He was a chubby kid, he admits. Originally his dad called him Pepinho, little Pepe, but that didn’t make much sense as he grew slimmer, stronger and, yes, nastier. The day he shaved off his hair for the first time, his mum thought it looked awful; his dad though said it was a man’s cut. Tough became his thing. “When you have to defend ugly you have to defend ugly,” he says, although it would be ridiculous to reduce him to that, and a glance at the stats shows the fouls and cards diminishing; a glance at his game reveals a player built on thought more than force. Which at 41 probably makes sense. A glance at the whole thing, with time, reveals one of the finest defenders of his generation. Spend any time with him and the hard man vanishes.

When Antonio Rüdiger joined Real Madrid, he announced that Pepe had been his idol. “On the pitch he’s a monster; off it, he’s very nice,” the German said. With Portugal he won the Euros, eight years ago now – and he was old then.

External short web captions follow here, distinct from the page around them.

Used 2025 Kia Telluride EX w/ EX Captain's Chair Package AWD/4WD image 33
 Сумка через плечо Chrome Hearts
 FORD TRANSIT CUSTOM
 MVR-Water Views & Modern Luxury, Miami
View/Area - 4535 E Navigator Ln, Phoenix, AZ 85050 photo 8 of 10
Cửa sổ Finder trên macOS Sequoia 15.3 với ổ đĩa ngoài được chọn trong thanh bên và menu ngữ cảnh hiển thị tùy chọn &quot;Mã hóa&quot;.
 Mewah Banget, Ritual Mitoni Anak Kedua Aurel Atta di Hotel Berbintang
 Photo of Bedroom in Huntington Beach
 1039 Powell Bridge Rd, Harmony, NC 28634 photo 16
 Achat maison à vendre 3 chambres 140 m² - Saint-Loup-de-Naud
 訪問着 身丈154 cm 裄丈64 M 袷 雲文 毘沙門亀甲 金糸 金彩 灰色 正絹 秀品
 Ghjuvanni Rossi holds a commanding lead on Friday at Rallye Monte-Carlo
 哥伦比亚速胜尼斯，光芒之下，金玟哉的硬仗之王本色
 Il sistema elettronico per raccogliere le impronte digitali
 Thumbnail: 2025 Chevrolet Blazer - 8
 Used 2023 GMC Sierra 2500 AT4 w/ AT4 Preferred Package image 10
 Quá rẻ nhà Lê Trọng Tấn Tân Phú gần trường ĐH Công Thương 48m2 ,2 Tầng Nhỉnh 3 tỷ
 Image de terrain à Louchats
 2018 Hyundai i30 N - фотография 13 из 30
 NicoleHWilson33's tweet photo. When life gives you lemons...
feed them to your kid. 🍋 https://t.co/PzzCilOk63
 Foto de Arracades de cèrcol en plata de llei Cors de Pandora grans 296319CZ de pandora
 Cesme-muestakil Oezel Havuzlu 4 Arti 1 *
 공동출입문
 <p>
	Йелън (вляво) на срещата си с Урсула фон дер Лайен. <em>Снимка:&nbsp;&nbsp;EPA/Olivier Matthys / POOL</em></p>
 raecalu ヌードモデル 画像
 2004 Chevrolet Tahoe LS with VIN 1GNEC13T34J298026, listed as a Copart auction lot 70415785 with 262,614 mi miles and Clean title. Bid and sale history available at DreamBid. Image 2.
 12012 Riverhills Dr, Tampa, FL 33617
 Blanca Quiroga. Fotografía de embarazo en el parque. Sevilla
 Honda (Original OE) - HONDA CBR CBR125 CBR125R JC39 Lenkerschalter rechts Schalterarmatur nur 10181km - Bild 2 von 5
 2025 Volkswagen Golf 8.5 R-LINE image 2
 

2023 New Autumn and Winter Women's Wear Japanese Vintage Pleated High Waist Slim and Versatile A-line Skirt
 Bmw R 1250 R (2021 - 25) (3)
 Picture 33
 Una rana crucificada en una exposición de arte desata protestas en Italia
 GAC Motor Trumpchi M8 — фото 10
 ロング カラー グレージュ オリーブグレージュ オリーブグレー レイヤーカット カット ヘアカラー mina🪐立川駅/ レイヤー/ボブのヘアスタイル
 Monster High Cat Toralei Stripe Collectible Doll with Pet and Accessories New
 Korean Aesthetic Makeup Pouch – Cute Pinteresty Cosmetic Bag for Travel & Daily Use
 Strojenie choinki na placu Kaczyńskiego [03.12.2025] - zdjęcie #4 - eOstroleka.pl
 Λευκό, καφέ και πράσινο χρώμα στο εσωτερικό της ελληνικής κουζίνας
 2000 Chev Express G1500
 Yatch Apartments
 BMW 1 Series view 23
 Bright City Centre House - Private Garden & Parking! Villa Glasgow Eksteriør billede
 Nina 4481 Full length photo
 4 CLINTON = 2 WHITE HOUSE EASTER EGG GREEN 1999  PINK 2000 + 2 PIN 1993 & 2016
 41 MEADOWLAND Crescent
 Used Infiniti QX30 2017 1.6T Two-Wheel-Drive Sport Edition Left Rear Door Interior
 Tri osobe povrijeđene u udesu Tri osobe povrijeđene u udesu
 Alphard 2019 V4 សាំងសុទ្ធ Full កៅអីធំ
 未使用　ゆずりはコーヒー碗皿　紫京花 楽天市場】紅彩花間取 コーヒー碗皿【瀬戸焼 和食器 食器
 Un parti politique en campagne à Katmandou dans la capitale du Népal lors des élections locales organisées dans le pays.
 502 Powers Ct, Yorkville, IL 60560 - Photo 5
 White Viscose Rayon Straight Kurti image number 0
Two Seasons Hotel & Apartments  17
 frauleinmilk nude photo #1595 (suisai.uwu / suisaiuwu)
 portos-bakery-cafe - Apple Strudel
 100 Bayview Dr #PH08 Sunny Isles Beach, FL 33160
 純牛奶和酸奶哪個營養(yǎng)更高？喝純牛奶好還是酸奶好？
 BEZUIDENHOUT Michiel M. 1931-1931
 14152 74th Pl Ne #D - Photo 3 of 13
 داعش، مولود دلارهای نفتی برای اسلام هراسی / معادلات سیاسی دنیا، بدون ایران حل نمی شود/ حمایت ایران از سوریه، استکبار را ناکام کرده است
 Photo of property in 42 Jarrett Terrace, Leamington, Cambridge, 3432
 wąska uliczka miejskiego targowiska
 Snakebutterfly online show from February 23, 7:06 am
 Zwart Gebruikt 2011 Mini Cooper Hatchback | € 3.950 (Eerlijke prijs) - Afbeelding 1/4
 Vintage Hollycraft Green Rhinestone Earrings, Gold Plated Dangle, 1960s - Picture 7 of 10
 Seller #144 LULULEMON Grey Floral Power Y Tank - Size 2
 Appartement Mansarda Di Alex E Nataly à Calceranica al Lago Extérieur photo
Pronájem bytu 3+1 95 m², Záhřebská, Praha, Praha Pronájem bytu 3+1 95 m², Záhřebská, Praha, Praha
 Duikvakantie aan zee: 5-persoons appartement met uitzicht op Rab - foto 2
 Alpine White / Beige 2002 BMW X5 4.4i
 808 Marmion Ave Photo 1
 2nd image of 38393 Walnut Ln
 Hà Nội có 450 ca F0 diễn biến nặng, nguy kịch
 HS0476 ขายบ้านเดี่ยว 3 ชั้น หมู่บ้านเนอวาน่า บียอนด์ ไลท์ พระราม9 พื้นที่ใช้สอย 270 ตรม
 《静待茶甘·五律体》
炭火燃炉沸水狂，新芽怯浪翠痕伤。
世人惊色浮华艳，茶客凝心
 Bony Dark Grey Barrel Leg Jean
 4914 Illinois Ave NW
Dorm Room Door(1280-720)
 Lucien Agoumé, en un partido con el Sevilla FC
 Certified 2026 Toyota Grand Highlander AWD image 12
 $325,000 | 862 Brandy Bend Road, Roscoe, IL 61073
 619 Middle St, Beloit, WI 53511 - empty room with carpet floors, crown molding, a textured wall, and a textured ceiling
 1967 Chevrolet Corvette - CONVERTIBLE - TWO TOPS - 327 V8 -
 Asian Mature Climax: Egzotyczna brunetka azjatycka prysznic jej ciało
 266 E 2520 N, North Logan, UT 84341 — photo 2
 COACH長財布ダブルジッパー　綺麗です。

At Madrid he won it all; he wasn’t on the pitch the day that Madrid claimed their 10th European Cup a decade back, because he told Carlo Ancelotti he didn’t think he was fit and didn’t want the team to risk him. Ancelotti, who did, who was prepared to put him on “even if it’s just for the photo”, in his words, always held him up as an example of altruism.

Under Ancelotti, Pepe had earned a place after a difficult end with José Mourinho and an inauspicious beginning under the Italian, who admitted that he was not first choice but was won over. “Pepe’s problem,” Mourinho had said, “has a name and that name is Raphaël Varane.” This was “just life”; it can be hard to take, Mourinho said, when a kid overtakes you and time is slipping away. Eleven years later, Pepe is at the Euros; Varane is not. It is his fifth, a record only two others can match. One of them plays with him, and always will. Pepe promised it: still here to help.